Norice in our transition_y for RockSample that we did not use x_prime in the function. Therefore, we know the distritbuion of y_prime is conditionally independent of x_prime given the current state and action. Thus we can set is_y_prime_dependent_on_x_prime to false.

MOMDPs.is_y_prime_dependent_on_x_prime(::RockSampleMOMDP) = false

Observation Space

In RockSample, we started with a known initial position of our robot and then the robot transitions in the grid are deterministic. Therefore, the location is always known through belief updates without needing an observation. The only observations needed in the POMDP version and in the MOMDP version are the results on the sensor.

POMDPs.observations(::RockSampleMOMDP) = 1:3
POMDPs.obsindex(::RockSampleMOMDP, o::Int) = o

function POMDPs.observation(problem::RockSampleMOMDP, a::Int, s::Tuple{RSPos,SVector{K,Bool}}) where {K}
    if a <= RockSample.N_BASIC_ACTIONS
        # no obs
        return SparseCat((1, 2, 3), (0.0, 0.0, 1.0))
    else
        rock_ind = a - RockSample.N_BASIC_ACTIONS
        rock_pos = problem.rocks_positions[rock_ind]
        dist = norm(rock_pos - s[1])
        efficiency = 0.5 * (1.0 + exp(-dist * log(2) / problem.sensor_efficiency))
        rock_state = s[2][rock_ind]
        if rock_state
            return SparseCat((1, 2, 3), (efficiency, 1.0 - efficiency, 0.0))
        else
            return SparseCat((1, 2, 3), (1.0 - efficiency, efficiency, 0.0))
        end
    end
end

If we wanted to start from any position (and thus the initial distribution would be uniform over the grid), then for the POMDP version we would need to increase our observation space to include the position of the robot.
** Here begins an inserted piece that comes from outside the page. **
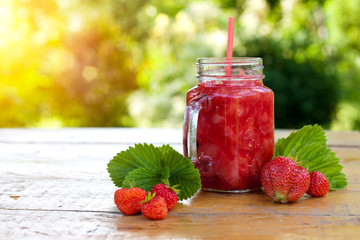 Strawberry smoothie in the glass jar. Summer,  healthy organic food concept.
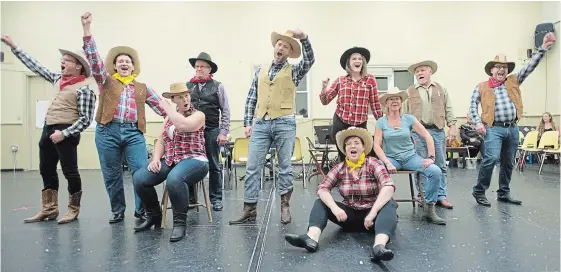  ?? PETER LEE WATERLOO REGION RECORD ?? Cast members rehearse the “Oklahoma” number for the K-W Musical Production­s 70th anniversar­y showcase, which opens on Thursday.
Therefore our observation space size would increase by a factor of $|\mathcal{X}| - 1$ (since we have a terminal state within $\mathcal{X}$). However, for a MOMDP, we do not need those observations, and our observation space would remain as defined.

Other Functions

There are no other changes to defining a MOMDP vs the POMDP using the explicit interface. However, we still need to define the reward function, terminal function, and discount factor.
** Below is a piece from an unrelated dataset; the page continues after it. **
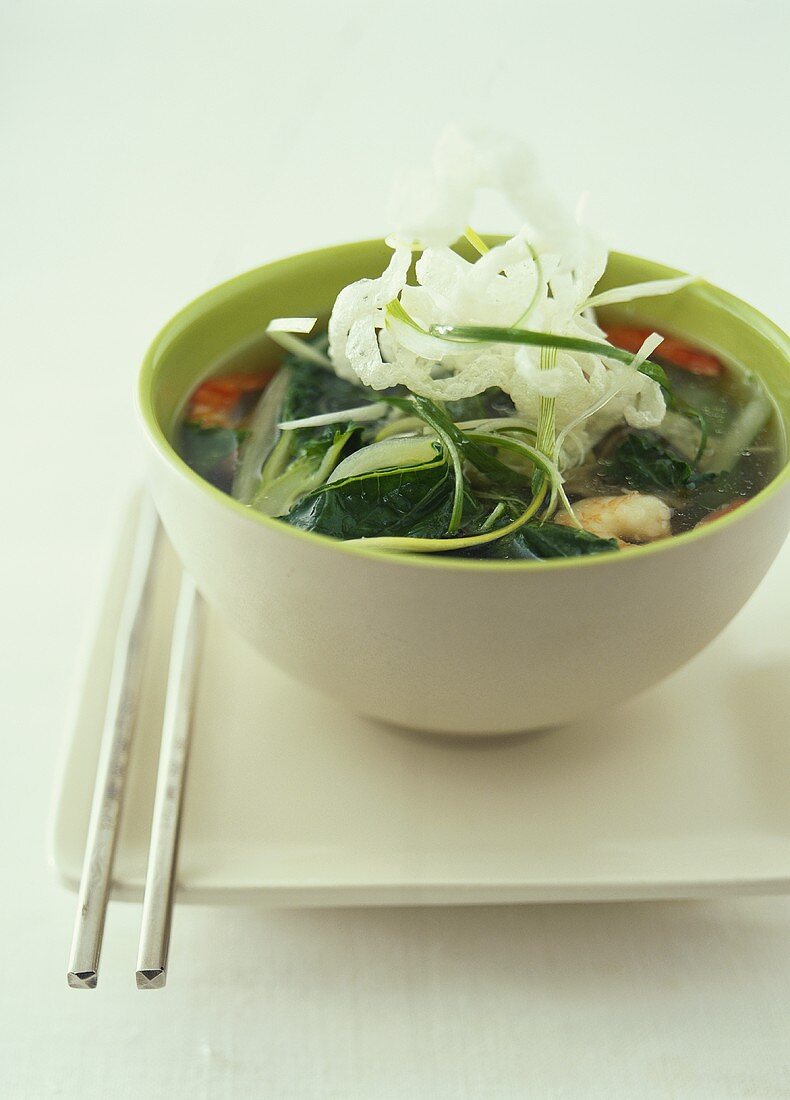 Asian soup with pak choi and deep-fried glass noodles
function POMDPs.reward(problem::RockSampleMOMDP, s::Tuple{RSPos,SVector{K,Bool}}, a::Int) where {K}
    r = problem.step_penalty
    if next_position(s[1], a)[1] > problem.map_size[1]
        r += problem.exit_reward
        return r
    end

    if a == RockSample.BASIC_ACTIONS_DICT[:sample] && in(s[1], problem.rocks_positions) # sample
        rock_ind = findfirst(isequal(s[1]), problem.rocks_positions) # slow ?
        r += s[2][rock_ind] ? problem.good_rock_reward : problem.bad_rock_penalty
    elseif a > RockSample.N_BASIC_ACTIONS # using senssor
        r += problem.sensor_use_penalty
    end
    return r
end

function POMDPs.isterminal(problem::RockSampleMOMDP, s::Tuple{RSPos,SVector{K,Bool}}) where {K}
    return s[1] == problem.terminal_state
end

POMDPs.discount(problem::RockSampleMOMDP) = problem.discount_factor

Solving using SARSOP

Now that we have defined our MOMDP, we can solve it with SARSOP. We will create a POMDP RockSample problem and then a MOMDP RockSample problem from the POMDP since our constructor was defined with the POMDP type. Since we have the POMDP, we will also solve the POMDP using SARSOP so we can compare the policies.

# Create a smaller RockSample problem
rocksample_pomdp = RockSample.RockSamplePOMDP(
    map_size=(3, 3),
    rocks_positions=[(2, 2), (3, 3), (1, 2)],
    init_pos=(1, 1),
    sensor_efficiency=0.5
)
rocksample_momdp = RockSampleMOMDP(rocksample_pomdp)

# Instantiate the solver
solver_pomdp = SARSOPSolver(; precision=1e-2, timeout=30,
    pomdp_filename="test_rocksample_pomdp.pomdpx", verbose=false)
solver_momdp = SARSOPSolver(; precision=1e-2, timeout=30,
    pomdp_filename="test_rocksample_momdp.pomdpx", verbose=false)

# Solve the POMDP and the MOMDP
policy_pomdp = solve(solver_pomdp, rocksample_pomdp)
policy_momdp = solve(solver_momdp, rocksample_momdp)

# Evaluate the policies at the initial belief
b0_pomdp = initialstate(rocksample_pomdp)
b0_momdp = initialstate(rocksample_momdp)

val_pomdp_b0 = value(policy_pomdp, b0_pomdp)
val_momdp_b0 = value(policy_momdp, b0_momdp)

@printf("Value of POMDP policy: %.4f\n", val_pomdp_b0)
@printf("Value of MOMDP policy: %.4f\n", val_momdp_b0)

# What is the action of the policies at the initial belief?
a_pomdp_b0 = action(policy_pomdp, b0_pomdp)
a_momdp_b0 = action(policy_momdp, b0_momdp)

@printf("Action of POMDP policy: %d\n", a_pomdp_b0)
@printf("Action of MOMDP policy: %d\n", a_momdp_b0)


Progress:  73%|██████████████████████████████▏          |  ETA: 0:00:00
Progress: 100%|█████████████████████████████████████████| Time: 0:00:00
Value of POMDP policy: 18.2751
Value of MOMDP policy: 18.2751
Action of POMDP policy: 2
Action of MOMDP policy: 2

Converting to a POMDP

If you have a problem defined as a MOMDP, you can convert it to an equivalent POMDP. If your problem is discrete, you can use the POMDP_of_Discrete_MOMDP type.

rocksample_pomdp_from_momdp = POMDP_of_Discrete_MOMDP(rocksample_momdp)

solver_pomdp_from_momdp = SARSOPSolver(; precision=1e-2, timeout=30,
    pomdp_filename="test_rocksample_momdp.pomdpx", verbose=false)

policy_pomdp_from_momdp = solve(solver_pomdp_from_momdp, rocksample_pomdp_from_momdp)

b0_pomdp_from_momdp = initialstate(rocksample_pomdp_from_momdp)
val_pomdp_from_momdp_b0 = value(policy_pomdp_from_momdp, b0_pomdp_from_momdp)

@printf("Value of POMDP generated from MOMDP: %.4f\n", val_pomdp_from_momdp_b0)


Progress:   1%|▎                                        |  ETA: 0:00:23
Progress: 100%|█████████████████████████████████████████| Time: 0:00:00
Value of POMDP generated from MOMDP: 18.2751